§ **YOUR TASK**
Transcribe the entries exactly as each line appears.
[RECORDS SUPPLIED Boundary: Start]
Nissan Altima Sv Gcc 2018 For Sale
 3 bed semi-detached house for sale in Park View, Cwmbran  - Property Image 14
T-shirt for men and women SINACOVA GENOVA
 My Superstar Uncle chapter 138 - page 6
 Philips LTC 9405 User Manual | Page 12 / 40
[RECORDS SUPPLIED Boundary: End]
§ **WRITTEN SOLUTION**
Nissan Altima Sv Gcc 2018 For Sale
 3 bed semi-detached house for sale in Park View, Cwmbran  - Property Image 14
T-shirt for men and women SINACOVA GENOVA
 My Superstar Uncle chapter 138 - page 6
 Philips LTC 9405 User Manual | Page 12 / 40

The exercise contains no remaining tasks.